The days leading up to their rescue were horrific. It is a testament to each man’s bravery and courage that there were any survivors of this disaster. The personal tales are gripping. You may remember Quint’s scene in “Jaws” where he admits to being a survivor of the USS Indianapolis.
As a result of the sinking, Captain McVay was court-martialed. The charges were culpable inefficiency in the performance of his duties and negligently endangering the lives of others. The Navy insisted Capt. McVay had failed to give orders to abandon ship, even though many of the survivors who attended the court martial said he had given these orders.

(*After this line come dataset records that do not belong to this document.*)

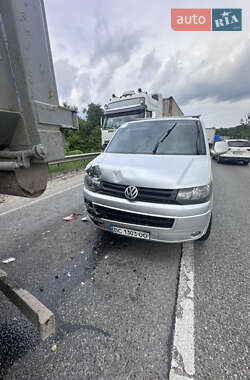 Грузопассажирский фургон Volkswagen Transporter 2010 в Львове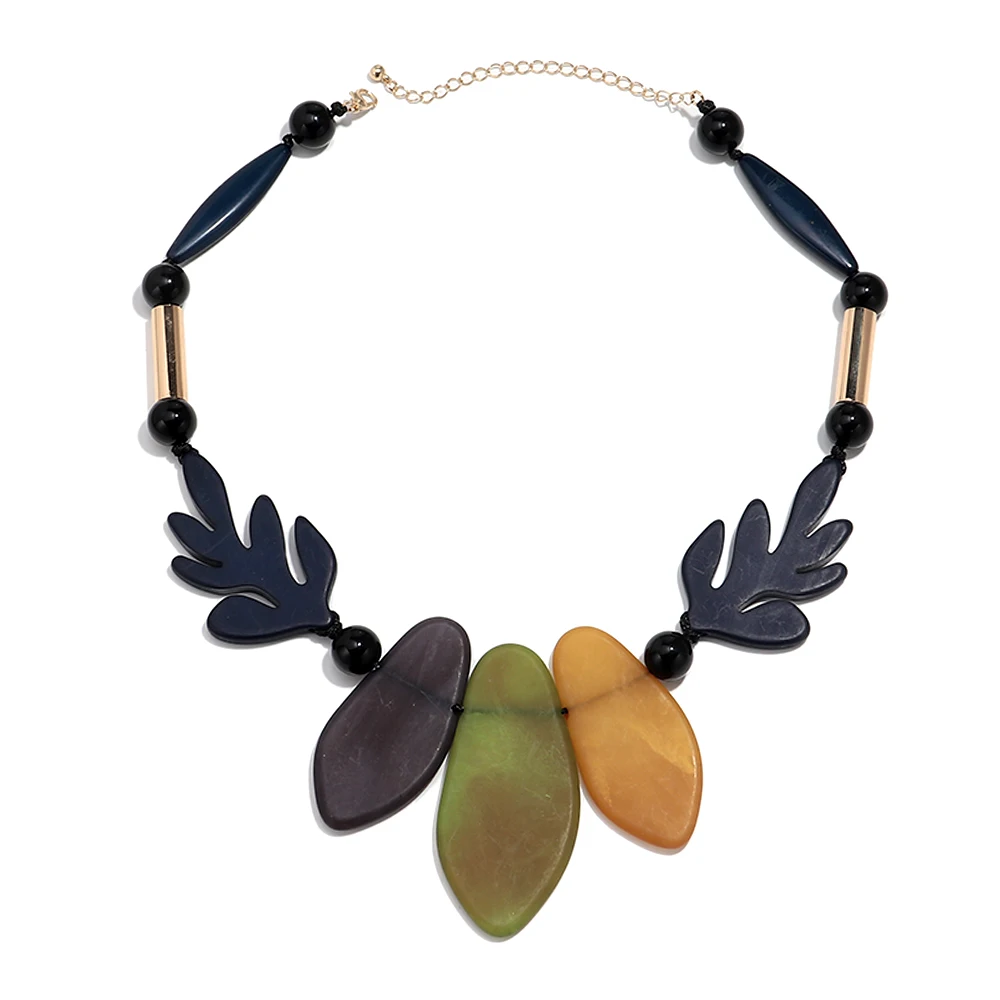 Statement Acrylic Irregular Leaf Pendant Necklace for Women Novelty Resin Geometric Beaded Necklace Fashion Jewelry Gifts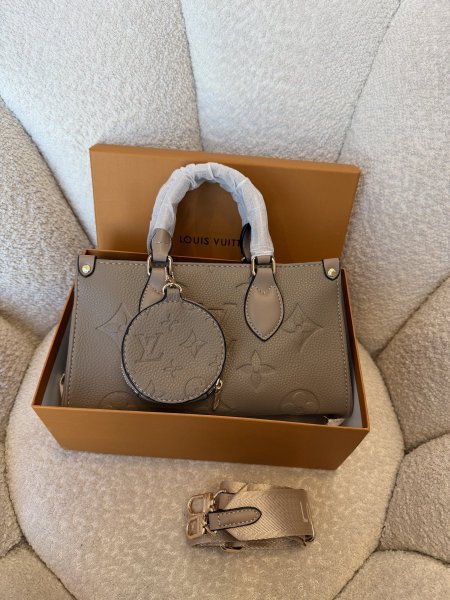 حقيبة من لوي فيتون حجم وسط كواليتي جداً عالية شاملة العلبة <br> <span class='text-color-warm'>سيتوفر قريباً</span>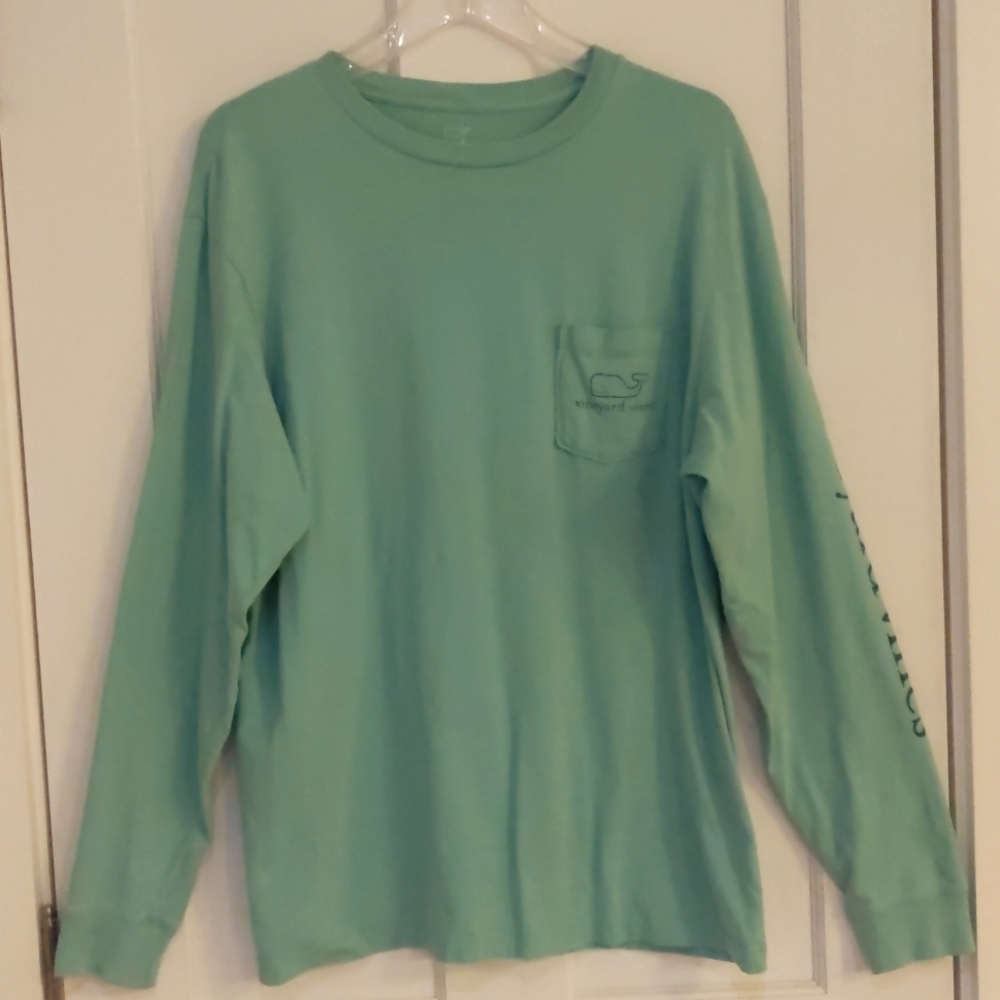 Men's L Vineyard Vines LS Whale Tee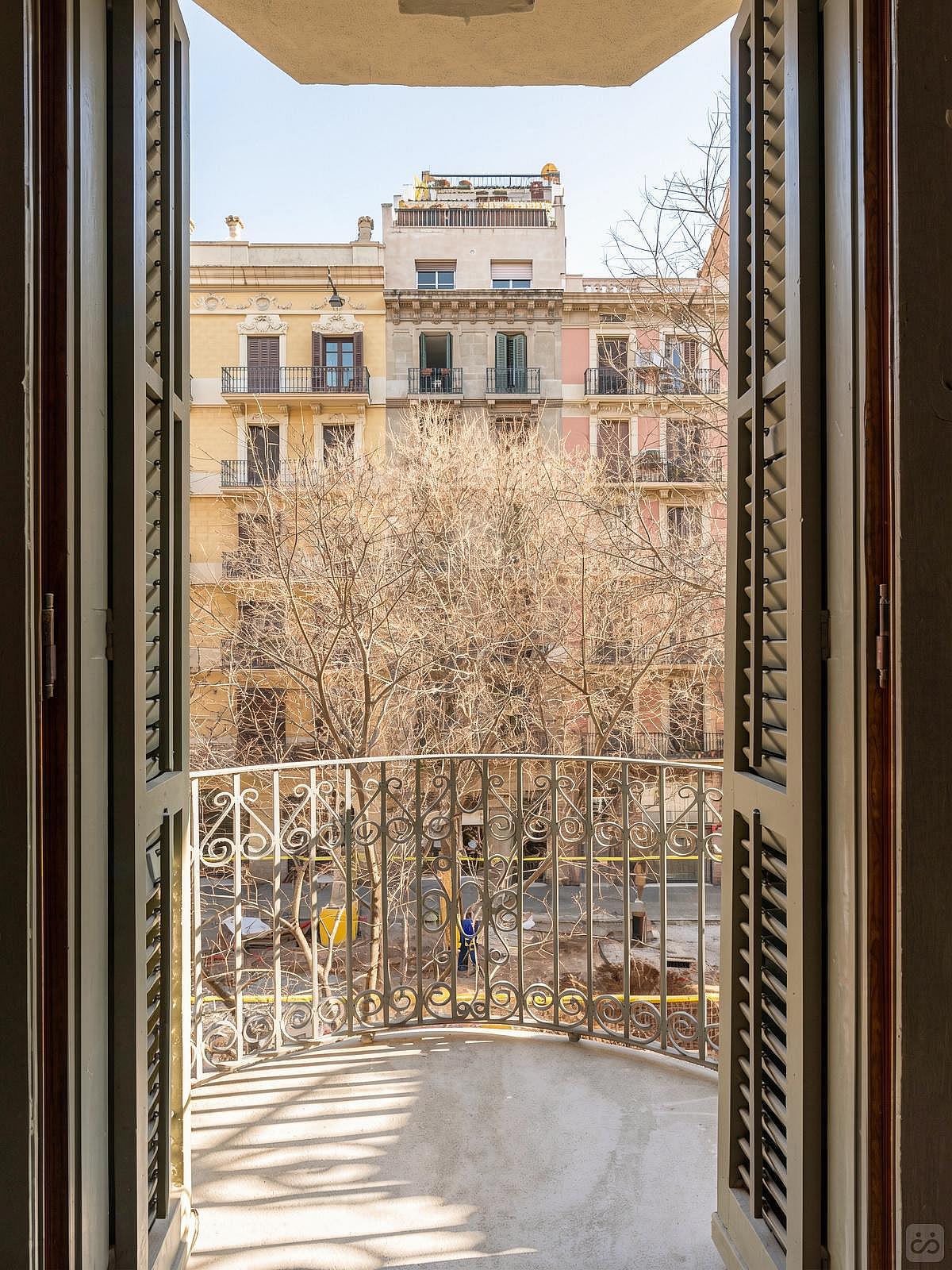  Double Ensuite Bedroom With Gallery 1C  -  Modern Coliving Community with Private Suites in Vibrant Eixample  - Gallery -  67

He was also charged with deciding not to follow a zigzag pattern as the ship crossed the water—a decision usually made at the captain’s discretion depending on weather conditions and other factors.

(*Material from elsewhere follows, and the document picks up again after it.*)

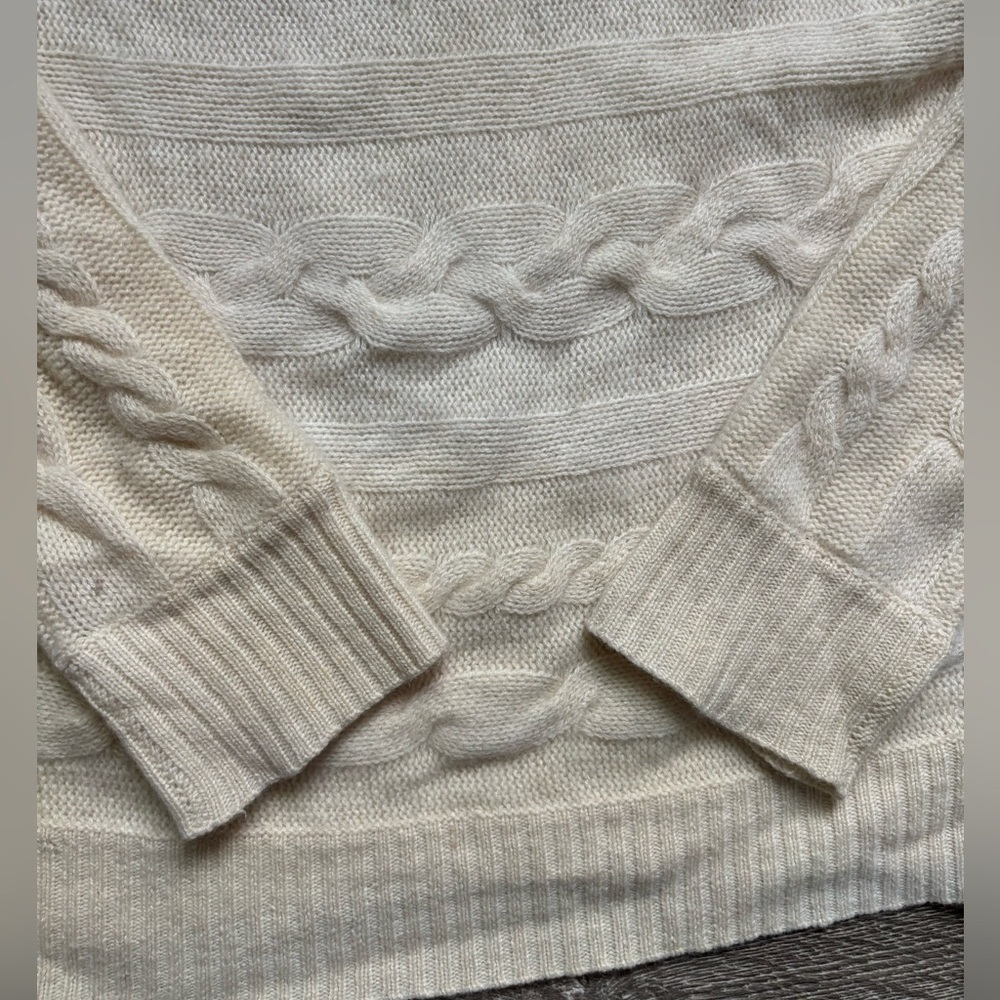 CHARTER CLUB 100% 2-Ply Cashmere Ivory Cabled Sweater, Size: M - Picture 4 of 8
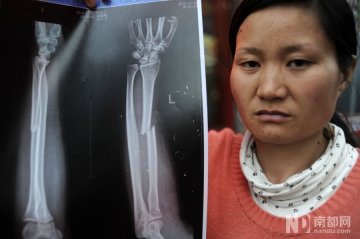 孕妇超市偷奶粉自称遭殴打致流产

His crew again testified on his behalf, stating that visibility was low and therefore it was not necessary to order the ship to follow a zigzag pattern. Regardless of their testimony, a jury found Capt. McVay guilty, damaging his future in the US Navy and humiliating him for the remainder of his life. Capt. McVay committed suicide in 1968. Survivors of the sinking of the USS Indianapolis successfully fought to have his charges exculpated. In 2001, the United States Congress posthumously exonerated Captain McVay, thirty-three years after his death
A bold rescue
There are many fascinating stories surrounding USS Indianapolis incident. For instance, survivors were accidentally spotted by Lieutenant Wilbur C. Gwinn, who was on a routine anti-submarine patrol aboard a PV-1 Ventura Bomber. The pilot alerted his base that there were “many, many men in the water.”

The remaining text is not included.